Демон культурного иерархизирования способен сыграть не одну злую шутку. Так случилось, например, с тем, что называли «японским чудом». Долгое время Япония в глазах американцев и европейцев каза­лась оплотом экономического традиционализма. Когда же она соверши­ла гигантский рывок в социально-экономическом развитии, многие начали склоняться к тому, что, быть может, именно Япония с ее патер­нализмом, пожизненным наймом, «кружками качеств» и являет обра­зец «истинного» рационализма. Затем, когда в начале 1990-х гг. «чудо» закончилось и Япония вступила в полосу длительных экономических затруднений, метнулись назад - к англосаксонской модели. Если ис­пользуется только одна линейка, то самое большее, что можно себе позволить, это перевернуть ее на 180 градусов.

Позиция социолога, исходящего из специфичности культур, дол­жна принципиально отличаться. Для него разделение рационального и нерационального действия относительно, границы между ними подвижны и способны со временем радикально изменяться в рамках одной культу­ры. Хозяйственное действие выступает в итоге как сложное сочетание рациональности и нерациональности, при этом и та, и другая обладают специфическим социально обусловленным характером. И вместо одной линейки нам необходим сложный набор измерительных инструментов.

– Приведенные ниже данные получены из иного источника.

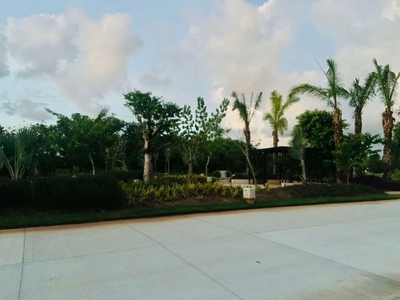 Terreno en venta, privada Península Xpokin. Yucatán Country Club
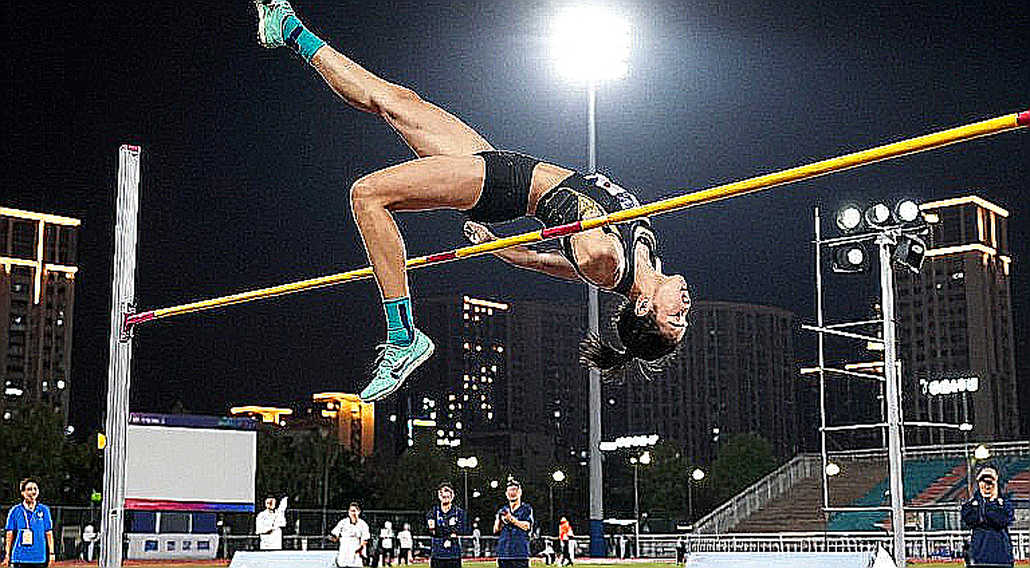 Amy Hunt smashes season best with 22.16s at Diamond League Final, reaffirming European track elite status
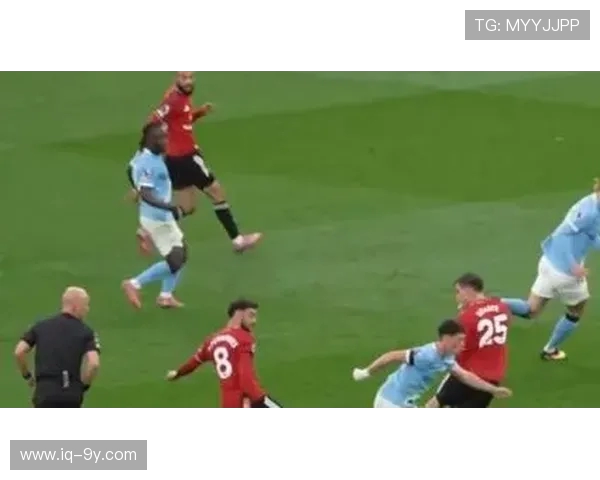 丝滑脚步演绎足球过人艺术展现绿茵灵动节奏之美妙瞬间绚烂闪耀时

Экономико-социологический подход к хозяйственной мо­тивации сталкивается с рядом дополнительных трудностей. Оказывает­ся, что наряду с идеальным (ценностным) уровнем мотивации, свя­занным с принципами действия - более глубокими и устойчивыми предпочтениями, - существует уровень рутинных практик, который выражается в том числе в побуждениях сиюминутного свойства. Выяс­няется также, что мотивация как внутреннее побуждение человека не тождественна его мотивации-суждению - вербальному объяснению собственных поступков. Человек может не осознавать свои побуждения или быть неискренним. Помимо этого он склонен к психологическому самооправданию и последующей рационализации совершенных дей­ствий, к защите собственной позиции и стремлению произвести более благоприятное впечатление. Возникают и разного рода «спецэффекты» вроде так называемой асимметрии приписывания: человек склонен объяс­нять свое собственное поведение более благородными и альтруистичес­кими мотивами, приписывая другим мотивы относительно более эгои­стические, приземленные.

Виды рациональности

Разобрав разные трактовки рациональности действия, зададимся одним из ключевых вопросов - как человек осуществляет выбор в условиях ограниченнос­ти ресурсов, будь то поиск места работы, потребительских товаров или форм вложения денежных средств. Три ее формы: сильная форма предполагает максимизацию. Полусильная форма – это ограниченная рациональность. Слабой формой является органическая рациональность.

Максимизация

Неоклассическая экономическая теория придерживается принципа максимизации. Этот принцип неоспорим, но только если приняты во внимание все имеющиеся издержки. Однако традиционная трактовка максимизации такого полного учета не поощряет; вместо этого роль институтов преуменьшается, фирмы представляются как производственные функции, потребители – как функции полезности, распределение деятельности между различными способами экономической организации рассматривается как данное, а оптимизация является повсеместной (De Alessi, 1983). В мире, раз и навсегда сведенном к одному гигантскому «купи–продай» (Meade, 1971, p.166), – технология, исходные ресурсы, предвидения субъектов и их отношение к риску являются полностью детерминированными.

Действия «экономического челове­ка» состоят из следующих шагов.

  1. Выработка идеальных представлений о желаемом благе в виде совокупности требований к предполагаемому месту работы или приоб­ретаемому продукту.

  2. Сбор по возможности полной и систематической информации об имеющихся альтернативах.

  3. Выявление из всех возможных вариантов той альтернативы, ко­торая наилучшим образом удовлетворяет субъективным требованиям.

  4. Осуществление поиска до того момента, пока не находится соот­ветствующий лучший вариант.

В противовес подобной абсолютной рациональности самими экономистами было предложено ее иное пони­мание, связанное с осознанием ограниченных когнитивных и волевых способностей человека.